An outside deck calls for lumber that will stand up to the weather
An outside wood deck, say lumber dealers, is one of the most popular add-on projects for the homeowner. It provides an outdoor living environment for the family, a place for a cookout, an informal meeting place with the neighbors, or a nice spot for just plain loafing after a long day on the job. Whatever your choice, an outside wood deck will more than pay for itself over the years in family fun and added value to the house when it is sold.
It needn't be a demanding job that calls for an abundance of construction expertise. Most home-improvement buffs can handle a deck with little trouble.
Generally, a wood deck is built aboveground, but sometimes a homeowner will place a deck on the ground, as in patio construction. Because a deck is exposed to the weather, the wise homeowner needs to consider the durability of different kinds of lumber available in his area.
Some wood is naturally resistant to sun, snow, wind, and rain. Other wood needs to be specially treated. Pressure-treated woods cost more but are excellent selections for outdoor projects.

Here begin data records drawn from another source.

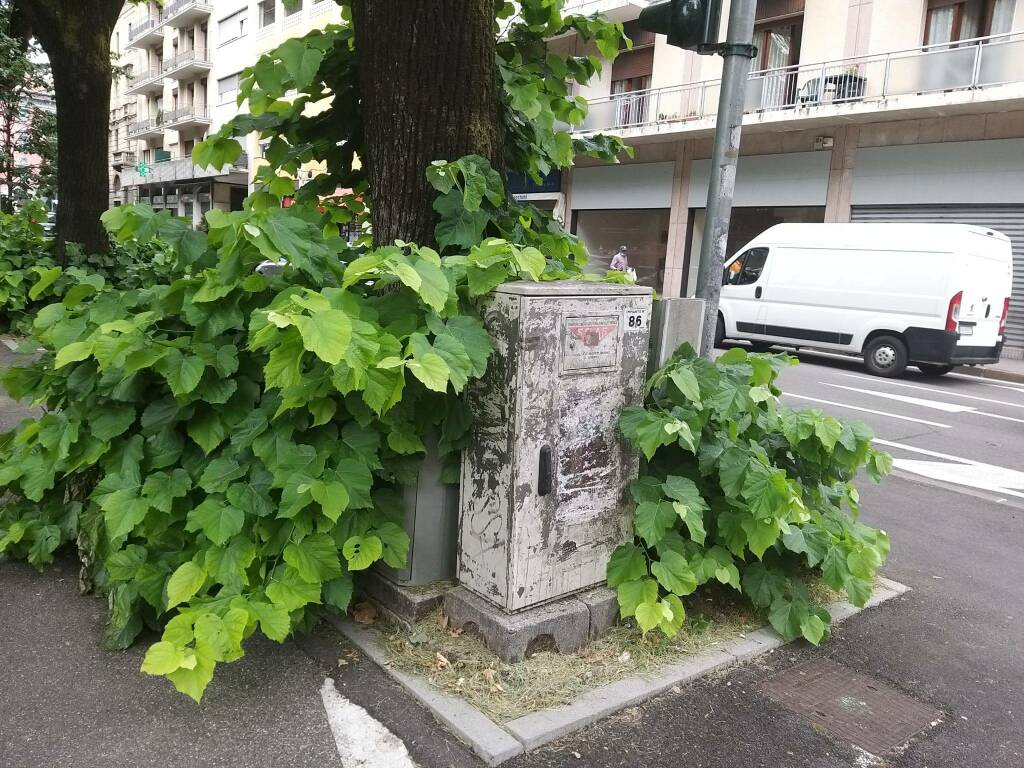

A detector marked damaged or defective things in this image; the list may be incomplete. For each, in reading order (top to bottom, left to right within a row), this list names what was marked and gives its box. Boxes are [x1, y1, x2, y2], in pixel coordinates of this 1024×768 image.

rusty metal panel [460, 280, 651, 610]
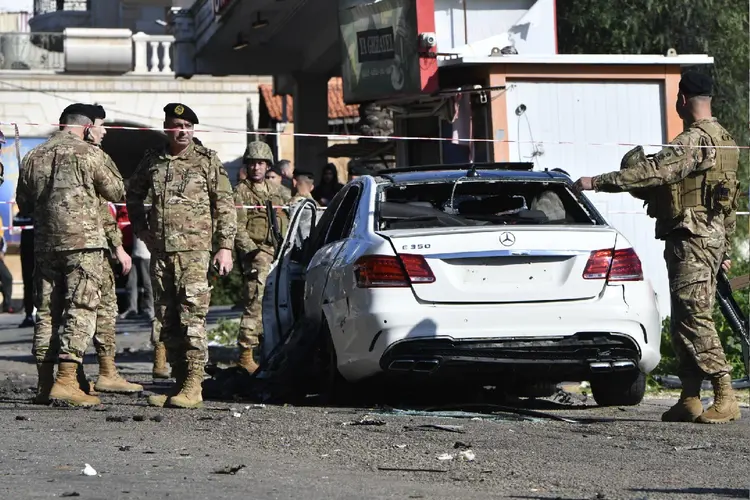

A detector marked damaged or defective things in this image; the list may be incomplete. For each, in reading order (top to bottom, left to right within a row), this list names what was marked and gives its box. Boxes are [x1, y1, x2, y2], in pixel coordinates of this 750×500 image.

shattered car window [378, 180, 596, 230]
broken windshield [382, 179, 600, 231]
damaged car [258, 164, 664, 406]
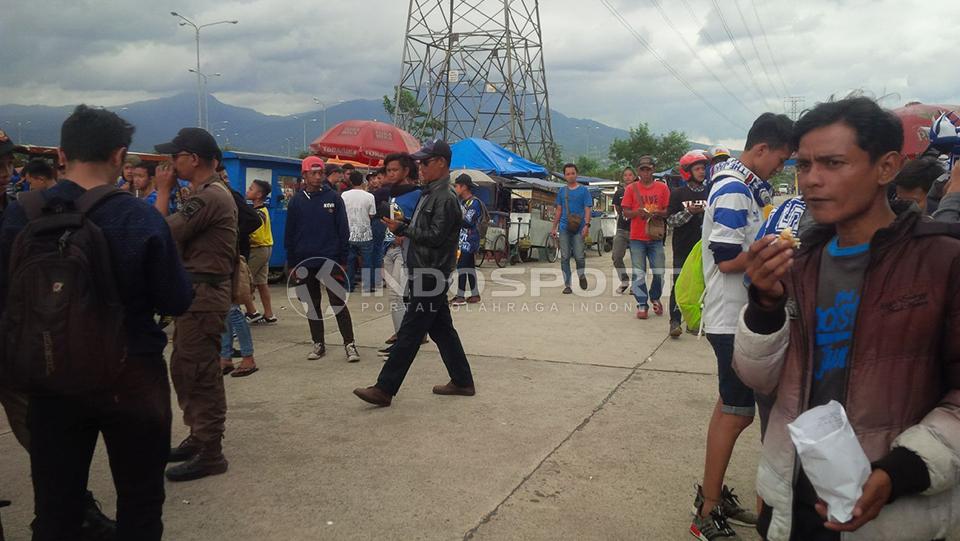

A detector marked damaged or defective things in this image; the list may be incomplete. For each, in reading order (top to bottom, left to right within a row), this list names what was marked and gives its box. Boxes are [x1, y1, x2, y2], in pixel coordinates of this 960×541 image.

Lumber dealers can solve all your outdoor construction problems, not only with detailed building plans, but also with the proper wood for your location.
Here's a list of woods to consider:
* Ash - A hardwood employed consistently for wooden tool handles. The fine, close grain gives this lumber the strength and resistance required for outdoor construction.
* Cedar - Western red cedar is lightweight and strong, has a straight grain, and is knot-free and durable.
* Douglas fir - A very dependable and widely available lumber for preliminary building construction. The lumber's natural color needs no stain.
* Pine - This lumber is soft, yet strong and easy to work with, but it is not naturally durable. Special chemical treatment is necessary for outdoor uses.
* Poplar - A softwood, strong and fairly resistant to decay and warping.
* Redwood - Probably the most favored for deck construction because of its color, grain, and ability to resist decay.
* Southern pine - Decays and warps easily. This wood is as strong as ash and fir, yet difficult to work with.
* Spruce - Widely available, but soft; warps and decays easily.
If it's too late to build a deck this year, make your plans as it snows, and with the first crack of spring, finish the job.